Trotz Einschränkungen im Detail ist von einem außerordentlich geglückten Abend zu sprechen, welchem das Aachener Publikum denn auch tosenden Beifall spendet. Angesichts des riesigen Sängerpersonals muss bei der Namensnennung Zurückhaltung geübt werden. Etliche Partien sind ohnehin aus dem Chor besetzt, wobei Kim Savelsbergh als Ciesca mit fulminanter Präsenz auffällt. Das sollte denn doch nicht verschwiegen sein.
Es gibt teilweise Mehrfachbesetzungen, wobei Sanja Radisic (in allen drei Opern tätig) in der Premiere überhaupt nicht mitwirkte. In zwei Partien erlebte man dafür Leila Pfister, vokal einwandfrei und als blaustrümpfige, vertrocknet wirkende Zita eine veritable Komödiantin. Die Angelica-Fürstin gab für diesmal Marion Eckstein, bislang mehr im Konzertbereich tätig. Doch was für eine Bühnenpersönlichkeit! Ihre unbeugsam damenhafte Attitüde und ihr autoritativer Gesang machen regelrecht frieren. Und welche Bassgewalt steckt in Woong-Jo Choi, welche beim Michele gegenüber früheren Rollen um noch einige Grade gesteigert erscheint. Linda Ballova lässt die Liebesleidenschaft von Giorgetta mit ihrem expressiven Sopran hoch aufflammen. Irina Popova wird einen anderen Typ abgeben. Die Angelica liegt ihr (trotz hochdramatischer Ausflüge zu Senta, Tosca, Lady Macbeth u.a.) aber wohl noch mehr - jedenfalls war sie (mit perfekten hohen C‘s) selten so gut wie an diesem Abend.

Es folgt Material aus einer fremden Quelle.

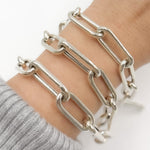 Load image into Gallery viewer, Sterling Silver Smooth Paperclip Chain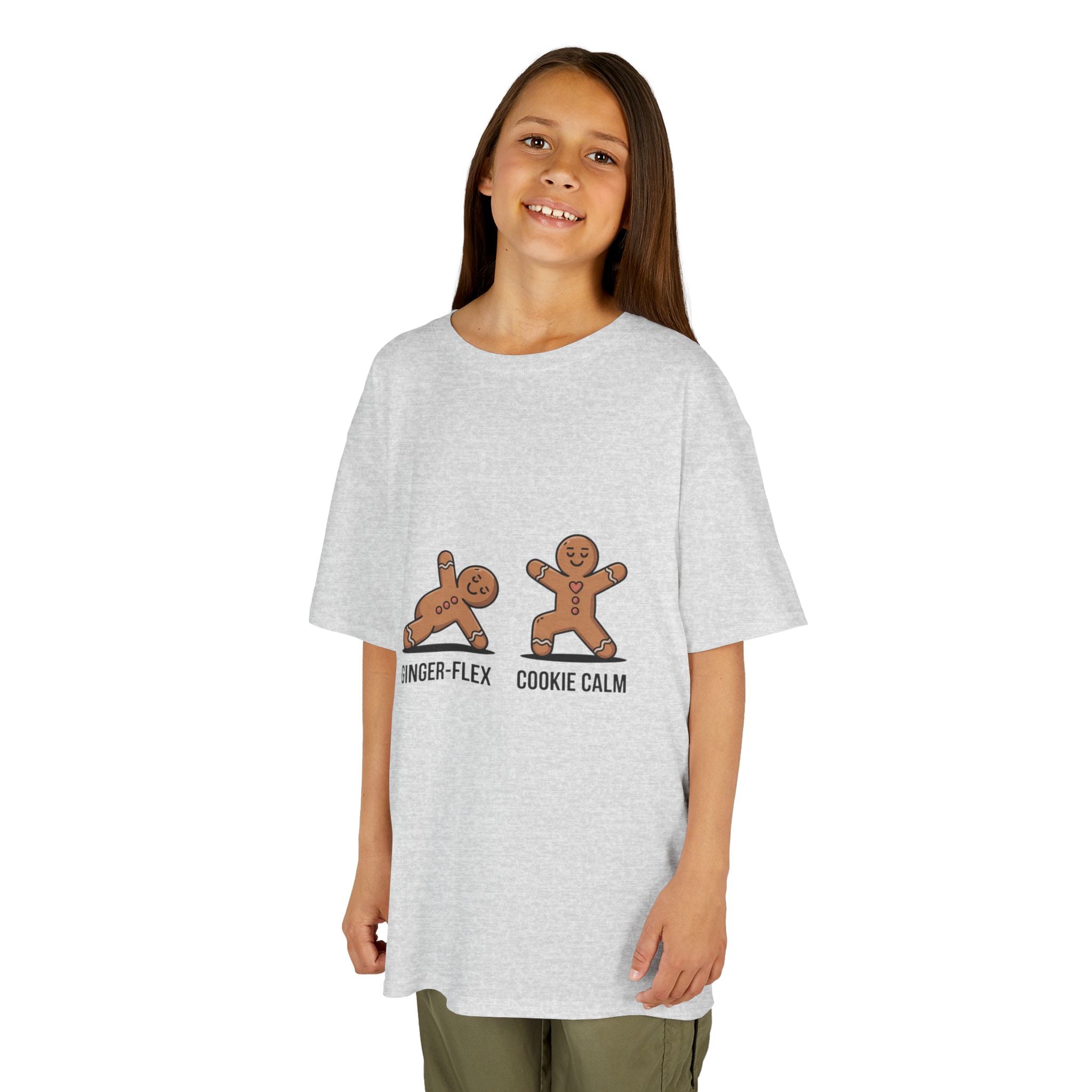 Gingerbread Workout Kids Tee - Ginger-Flex & Cookie Calm Design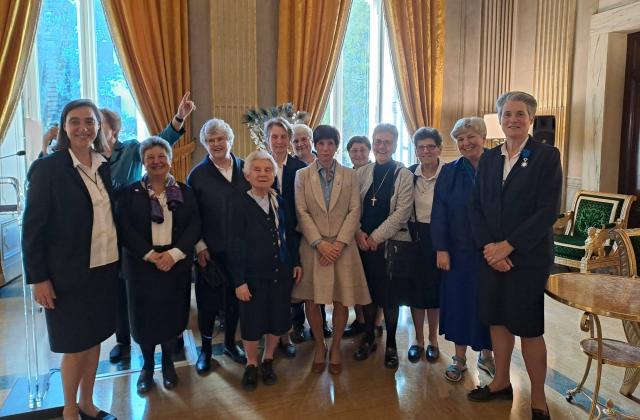 Florence (far right) with fellow Religious of the Sacred Heart and UISG sisters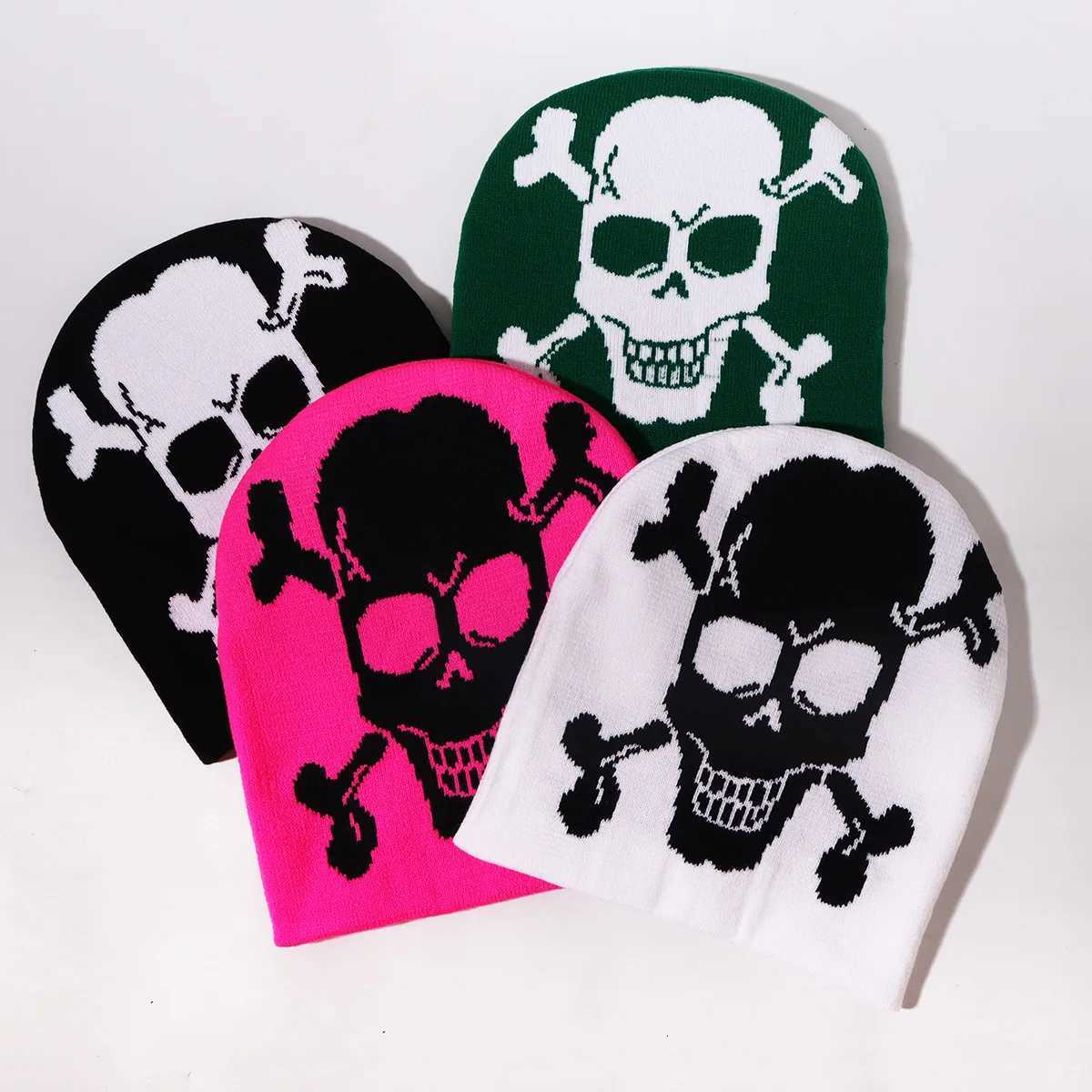 HipHop Beanie Hat for Women Men Y2k Beanie Jacquard Hat Warm Beanie Skull Cap Knitted Hat Harajuku StyleXJ251023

Wesentlich überzeugender als zuletzt in der Partie des Malcolm (Macbeth) wirkt Alexey Sayapin in den Partien des Luigi und Rinuccio; ein leidenschaftlicher Tenorliebhaber mit viel Charme. An seiner Seite die schönstimmige Suzanne Jerosme als Lauretta (mit ihrem beifallsträchtigen Arien-Ohrwurm). In Schicchi werden alle Sänger zu aufgekratzten Schauspielern. Hier wenigstens eine pauschale Aufzählung der noch nicht genannten Mitwirkenden: Katharina Hagopian (Nella), Patricio Arroyo (Gherardo), Michael Terada (Marco), Vasilis Tsanaktsidis (Betto) und Jorge Escobar (Simone). Die Titelpartie gibt Enrico Marabelli nicht schwergewichtig proletarisch, sondern leichtfüßig und elegant, aber baritonal kernig. Kazem Abdullah am Pult des Sinfonieorchesters Aachen versteht sich auf die spezifischen Farben der so heterogenen Werke.